Undergraduate diplomas were distributed later in the afternoon in smaller ceremonies at the Houses. Just over 90 percent of the students earned honors.

Hundreds of students and their families were forced to cram into dining halls to avoid the downpour.

As Winthrop House Master Paul Hanson compared college life to a river, he joked about the weather.

“It is appropriate that the sheet of paper I’ve written my words on is soaking wet,” he said.

Later in the afternoon, Summers spoke to a gathering of about 500 members of the Harvard Alumni Association about his priorities in his “freshman year” at the University.

He stressed familiar themes about the importance of strengthening undergraduate education, expanding into Allston and investing in scientific research.

He concluded with a discussion of his view of veritas and the importance of the “marketplace of ideas.”

At the morning ceremony, security in the Yard was tight. Walk-through metal detectors were set up at most entrances and scores of police with handheld metal detectors randomly re-screened both graduates and friends and family.

At Johnston Gate, a lone Middlesex County sheriff’s deputy used a handheld metal detector to check hundreds of people seeking entrance to the Yard. Even elderly women in wheelchairs were not exempt from a once-over with his beeping wand.

Minutes after the gate opened to the public, the line expanded until it stretched across the driveway and two more officers were called in to assist.
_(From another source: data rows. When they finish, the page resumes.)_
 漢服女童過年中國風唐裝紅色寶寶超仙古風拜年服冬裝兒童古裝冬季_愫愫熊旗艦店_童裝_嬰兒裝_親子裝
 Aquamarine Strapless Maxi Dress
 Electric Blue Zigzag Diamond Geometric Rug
Some Commencement-goers were miffed by the slow pace of the security checks that made the normally block-length lines to enter the Yard even longer.
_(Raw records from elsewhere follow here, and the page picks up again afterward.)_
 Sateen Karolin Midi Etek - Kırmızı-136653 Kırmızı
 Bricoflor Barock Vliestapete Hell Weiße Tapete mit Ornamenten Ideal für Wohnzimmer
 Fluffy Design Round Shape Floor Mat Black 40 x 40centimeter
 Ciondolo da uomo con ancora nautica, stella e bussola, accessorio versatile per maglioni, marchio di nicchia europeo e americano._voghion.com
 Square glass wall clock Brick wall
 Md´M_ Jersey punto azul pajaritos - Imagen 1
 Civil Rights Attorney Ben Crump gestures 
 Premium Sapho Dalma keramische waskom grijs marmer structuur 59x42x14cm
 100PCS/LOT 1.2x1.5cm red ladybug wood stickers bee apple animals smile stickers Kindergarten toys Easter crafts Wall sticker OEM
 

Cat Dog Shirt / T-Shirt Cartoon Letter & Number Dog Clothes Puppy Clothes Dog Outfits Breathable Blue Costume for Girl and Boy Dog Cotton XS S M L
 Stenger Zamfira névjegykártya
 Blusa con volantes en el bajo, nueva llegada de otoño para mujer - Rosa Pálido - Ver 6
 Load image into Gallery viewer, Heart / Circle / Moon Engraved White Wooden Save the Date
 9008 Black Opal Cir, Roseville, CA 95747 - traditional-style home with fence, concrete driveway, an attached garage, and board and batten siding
“I was here at 6:15 and still there was a big line. I wish there was a better way,” said Amalendu Chatterjee, father of graduating Adams House student Avik Chaterjee ’02.

The crowds that made entering the Yard so difficult quickly left when the rain started shortly into the ceremony. By the time Plummer Professor of Christian Morals Peter J. Gomes gave the closing benediction, the majority of seats were empty. His remarks were mercifully short for those remaining in the audience.

He said only: “God, keep us safe, dry and happy. Amen.”

—Catherine E. Shoichet contributed to the reporting of this article.